Assigned task:
Please reproduce exactly the line that carries "Петуния (Petunia), сорт" and all remaining lines through the last line of the data, and write nothing else.

Dataset entries:
◆ ◆ ◆ ◆ ◆

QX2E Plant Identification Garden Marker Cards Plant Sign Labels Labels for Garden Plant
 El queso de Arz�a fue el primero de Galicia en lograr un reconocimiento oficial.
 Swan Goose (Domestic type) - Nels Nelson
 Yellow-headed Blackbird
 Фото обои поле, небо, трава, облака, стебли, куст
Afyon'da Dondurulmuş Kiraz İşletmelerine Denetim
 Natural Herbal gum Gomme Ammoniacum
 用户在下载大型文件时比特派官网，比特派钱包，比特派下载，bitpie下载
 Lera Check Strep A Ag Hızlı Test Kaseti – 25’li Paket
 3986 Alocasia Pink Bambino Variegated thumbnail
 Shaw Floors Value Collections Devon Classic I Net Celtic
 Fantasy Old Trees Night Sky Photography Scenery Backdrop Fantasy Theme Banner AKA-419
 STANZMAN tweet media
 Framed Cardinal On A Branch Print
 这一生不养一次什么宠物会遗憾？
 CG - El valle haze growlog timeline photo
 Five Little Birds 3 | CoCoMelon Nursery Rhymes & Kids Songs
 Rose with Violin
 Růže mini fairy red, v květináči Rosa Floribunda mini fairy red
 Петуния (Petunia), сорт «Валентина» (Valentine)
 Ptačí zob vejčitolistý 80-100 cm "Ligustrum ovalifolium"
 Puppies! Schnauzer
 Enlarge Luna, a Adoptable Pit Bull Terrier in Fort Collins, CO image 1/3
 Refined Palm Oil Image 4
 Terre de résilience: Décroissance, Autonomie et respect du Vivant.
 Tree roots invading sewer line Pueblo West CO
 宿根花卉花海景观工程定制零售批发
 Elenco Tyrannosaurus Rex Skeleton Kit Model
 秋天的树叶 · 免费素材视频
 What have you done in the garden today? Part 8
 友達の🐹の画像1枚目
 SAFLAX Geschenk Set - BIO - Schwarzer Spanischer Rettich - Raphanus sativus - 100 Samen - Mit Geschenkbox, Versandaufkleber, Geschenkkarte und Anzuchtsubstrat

◆ ◆ ◆ ◆ ◆

Exercise solution:
 Петуния (Petunia), сорт «Валентина» (Valentine)
 Ptačí zob vejčitolistý 80-100 cm "Ligustrum ovalifolium"
 Puppies! Schnauzer
 Enlarge Luna, a Adoptable Pit Bull Terrier in Fort Collins, CO image 1/3
 Refined Palm Oil Image 4
 Terre de résilience: Décroissance, Autonomie et respect du Vivant.
 Tree roots invading sewer line Pueblo West CO
 宿根花卉花海景观工程定制零售批发
 Elenco Tyrannosaurus Rex Skeleton Kit Model
 秋天的树叶 · 免费素材视频
 What have you done in the garden today? Part 8
 友達の🐹の画像1枚目
 SAFLAX Geschenk Set - BIO - Schwarzer Spanischer Rettich - Raphanus sativus - 100 Samen - Mit Geschenkbox, Versandaufkleber, Geschenkkarte und Anzuchtsubstrat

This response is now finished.